La santamaría que casi roza el suelo, indica que el negocio estaba cerrado por los momentos. De igual forma se escucha al cajero decir: “Pasa catira pa que veas lo que hay”. Mientras tanto las doñitas y las jóvenes madres, con sus criaturas en brazos, esperan pacientemente la llegada de un camión repleto de alimentos, o por lo menos con carne y pollo para hacer un hervido.
La espera transcurre en cuatro largos bancos sin espaldar, algunos son color revolución y otros del mismo azul desteñido de las paredes. Por orden de llegada se van acomodando los consumidores. Varios arriban con la intención de saltarse algún puesto en la fila, pero con la misma velocidad se escucha la advertencia: “No te vayas a colear negro”.
El cargamento finalmente llega. La algarabía, el barullo y las caras sonrientes se contagian entre los que están presentes y también quienes se van sumando a la cola. La salsa brava proveniente del reproductor de sonidos del vehículo induce el tumbao de algunas mujeres, mientras el vigilante del comercio vocifera con firmeza y con un tono regañadientes: “Vayan acomodándose en la fila señoras”.
Los más impacientes se acercan a la puerta de descarga para indagar sobre cuáles productos surtirían el almacén. “Arroz, azúcar, café, salsa inglesa y jugo de pera, eso es lo que vino” informan unos - “¿Pero qué pasó con la carne y el pollo?, replican otros. No hay respuesta, sólo se escucha una señora de baja estatura y de cabellos emblanquecidos: “Hace dos días, aquí, había de todo”.
El sol que avecina el mediodía empieza a calentar y la espera recobra terreno en la voluntad de la gente. Tres carretilleros uniformados descargan los insumos para distribuirlos en los desnudos estantes del local. Pasan diez, veinte minutos y los futuros compradores miran de tanto en tanto sus relojes. Tres o cuatro mujeres desisten, puesto que no habían llegado los productos que necesitaban comprar.

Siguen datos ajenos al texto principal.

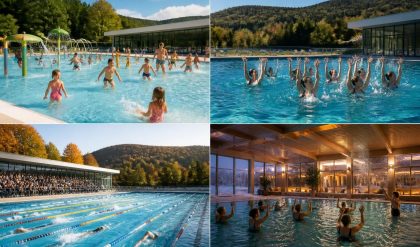 découvrez les événements incontournables organisés à la piscine de valdahon cette année, alliant sport, loisirs et animations pour toute la famille.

Justo enfrente al almacén una señora parlanchina de unos 50 años vende bolsas negras plásticas, cada una a un bolívar, pues el establecimiento no proporciona ninguna especie de talega para poder cargar las compras. Su socia, otra mujer madura un poco más tímida, ofrece negritos para hacer llevadera la espera. Pasan 30 minutos adicionales que propician una gama variopinta de temas de conversación.
El olor a excremento es el primer tópico para un grupo que se encuentra cerca de un rincón que, aparentemente, los indigentes utilizan como baño nocturno. El último asiento del banco no está ocupado, pero quienes se acercan al sitio, les chismean con preocupación: “No te pongas ahí porque vas a aspirar meado piche”. Las señoras, entre ellas, negocian posibles soluciones para el hedor: unas diden que con cal se quita; otras con sal.
Las abuelas, por su parte, suspiran entre ellas hablando del Presidente, se retuercen de odio por los escuálidos y oran para que su héroe gobierne por un par décadas más. Dos puestos más allá, quienes no están enterados ni de la pestilencia ni de las pasiones platónicas, conversan sobre la delincuencia o de la escasez de alimentos.
El ruido que se produce al abrir la reja principal de El Mercal de La Veguita, condiciona a los compradores a tener sus bolsas en manos y pasar de diez en diez a busca de sus alimentos. Las conversaciones se retoman mientras se escucha a lo lejos la voz de un empleado: “Solo pueden llevar tres paquetes de azúcar, tres de arroz y los que quieran de café”.